Das würde mich immer noch abschrecken, 500,- oder deutlich mehr Euro in eine dieser Superpumpen mit einem Stromverbrauch um 60W zu investieren, obwohl es bereits gerechtfertigt wäre... .
Ein möglicher Ausweg aus diesem "Dilemma" ist eine preiswerte, regelbare!  Pumpe höherer Leistung! Wichtig sind die äußeren Anschlüsse. Üblicherweise findet man 6000er Pumpen in einer Konstruktion, die auch für 2000er Pumpen entwickelt wurde, und die daher wenig Rücksicht auf die Effizien für höhere Leistungen nimmt. :evil
Bei Naturagart findet man ein paar teure no-names mit größeren Querschnitten für An- und Absaugung, die sich von den technischen Daten erst mal interessant anhören. Da die NG-Fans im Forum noch nie über ihre Pumpen gemault haben, scheint auch die Qualität ganz brauchbar zu sein. Für knapp 300,-€ hätte man hier eine (per primitivem Dimmer!) regelbare Pumpe, die auf etwa 60-70W bei 6 m³/h kommt!
Bei meiner Oase Optimax wäre das nicht machbar, wegen der internen Steuerelektronik, und einem Gleichstromantrieb!


----------



## Pammler (4. Apr. 2011)

*AW: Habt ihr damit Erfahrungen gemacht: Teichpumpe 6000l/h ?*

ich habe diese und bin zufrieden.
Energiespar-Teichpumpe Z 10.000 nur 115 Watt
mal bei Tante G eingeben.
Läuft jetzt unter ZACWAGNER. ist vom Shop gelabelt. (Zoo und Angelcenter Wagner) Hat mich auch gut beraten, wegen der Leistung die ich brauche. Vor allem das Leistungsdiagramm anschauen!


----------



## sebastianb (9. Apr. 2011)

*AW: Habt ihr damit Erfahrungen gemacht: Teichpumpe 6000l/h ?*

Hallo Teichfreunde,

ich hab da was alternatives gefunden: http://cgi.ebay.de/Teichpumpe-EcoMax-O-6500-Koi-Teich-Skimmer-Pumpe-/360349297367?pt=Pumpen&hash=item53e67dead7

Das kommt der Sache doch näher, denke ich.

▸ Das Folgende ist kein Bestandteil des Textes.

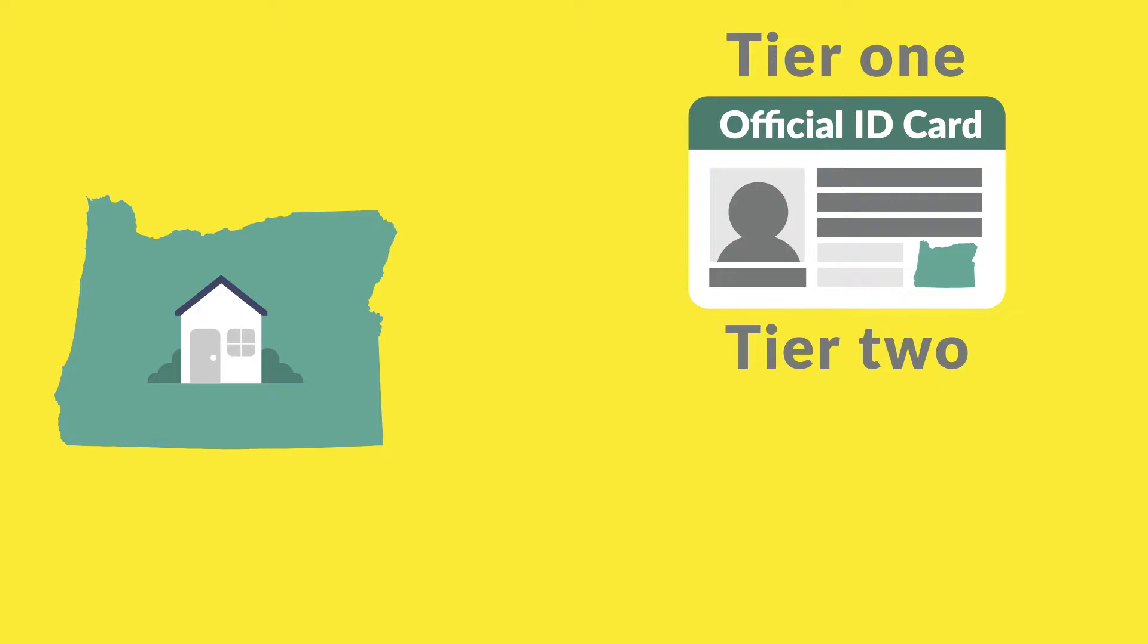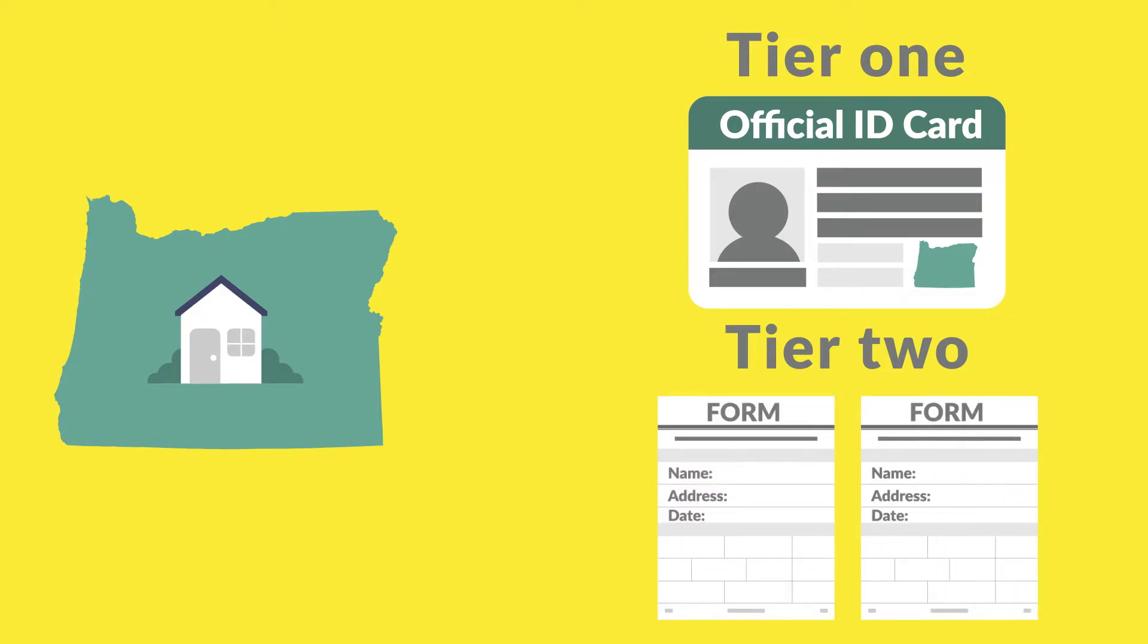Or you can submit two Tier 2 documents. These can be letters or notices you receive in the mail from your medical provider, bank, or a pay stub. It must show your name, address, and date of the document.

Was meint ihr, sicherlich wieder kein Premiumprodukt,aber wenn man etwas auf den Geldbeutel achten muss ?!

... sebastian


----------



## Olli.P (10. Apr. 2011)

*AW: Habt ihr damit Erfahrungen gemacht: Teichpumpe 6000l/h ?*

Hallo Sebastian,

da kommst du dem Anschaffungspreis-Folgekosten-Verhältnis-Vergleich doch schon ein gewaltiges Stück näher!

Und ein Keramiklager iss immer Top! 

Ist eben nur bei der Wartung drauf zu achten.


----------



## jolantha (10. Apr. 2011)

*AW: Habt ihr damit Erfahrungen gemacht: Teichpumpe 6000l/h ?*

Hallo, Bsebastian,
ich hab mir schon vor zwei Jahren Deine erwähnte Pumpe zugelegt und bin sehr zufrieden, meine hat aller dings 95 Watt und bringt auch etwas mehr an Leistung. Ich hatte auch mal eine teure Markenpumpe, viel Stromverbrauch und nach  3 Jahren kaputt, Also lieber eine preiswerte, da tut das wegschmeißen nicht so weh !!


----------